Work instructions:
For the entries that follow, count the lines containing the string "Villa" and write only the number.

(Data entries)
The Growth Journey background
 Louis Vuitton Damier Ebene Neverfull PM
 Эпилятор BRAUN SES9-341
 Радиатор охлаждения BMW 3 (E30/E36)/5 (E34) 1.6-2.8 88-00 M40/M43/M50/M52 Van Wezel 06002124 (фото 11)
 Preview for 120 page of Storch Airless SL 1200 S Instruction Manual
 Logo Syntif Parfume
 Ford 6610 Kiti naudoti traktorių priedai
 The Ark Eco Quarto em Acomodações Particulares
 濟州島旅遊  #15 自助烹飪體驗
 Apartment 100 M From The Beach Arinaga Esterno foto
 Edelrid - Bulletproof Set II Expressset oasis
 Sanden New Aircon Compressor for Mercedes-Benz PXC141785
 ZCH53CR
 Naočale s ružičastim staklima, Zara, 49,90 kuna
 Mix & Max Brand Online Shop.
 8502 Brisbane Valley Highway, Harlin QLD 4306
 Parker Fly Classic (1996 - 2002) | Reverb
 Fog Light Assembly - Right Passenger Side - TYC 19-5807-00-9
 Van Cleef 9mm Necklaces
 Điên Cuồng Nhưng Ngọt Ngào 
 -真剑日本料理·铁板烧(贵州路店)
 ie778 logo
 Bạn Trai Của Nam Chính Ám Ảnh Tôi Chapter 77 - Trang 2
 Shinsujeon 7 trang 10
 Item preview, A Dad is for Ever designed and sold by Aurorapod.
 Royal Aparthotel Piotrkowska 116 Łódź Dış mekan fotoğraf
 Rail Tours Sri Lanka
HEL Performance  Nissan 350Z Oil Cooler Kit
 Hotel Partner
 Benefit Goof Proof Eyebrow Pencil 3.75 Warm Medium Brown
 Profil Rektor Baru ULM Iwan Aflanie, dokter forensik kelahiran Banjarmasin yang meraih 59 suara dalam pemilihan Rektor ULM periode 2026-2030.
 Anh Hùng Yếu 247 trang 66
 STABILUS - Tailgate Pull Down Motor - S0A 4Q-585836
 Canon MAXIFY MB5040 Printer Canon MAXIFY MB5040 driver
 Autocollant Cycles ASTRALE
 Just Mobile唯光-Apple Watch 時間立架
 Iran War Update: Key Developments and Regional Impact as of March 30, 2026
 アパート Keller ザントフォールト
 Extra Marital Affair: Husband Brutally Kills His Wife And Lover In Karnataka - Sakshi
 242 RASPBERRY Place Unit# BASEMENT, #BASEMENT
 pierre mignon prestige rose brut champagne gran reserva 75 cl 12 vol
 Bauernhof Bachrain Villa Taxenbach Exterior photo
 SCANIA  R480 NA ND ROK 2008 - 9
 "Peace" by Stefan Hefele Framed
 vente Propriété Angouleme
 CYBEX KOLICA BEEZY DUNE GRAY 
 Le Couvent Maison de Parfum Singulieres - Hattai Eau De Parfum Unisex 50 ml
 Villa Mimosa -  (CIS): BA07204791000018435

Task output:
2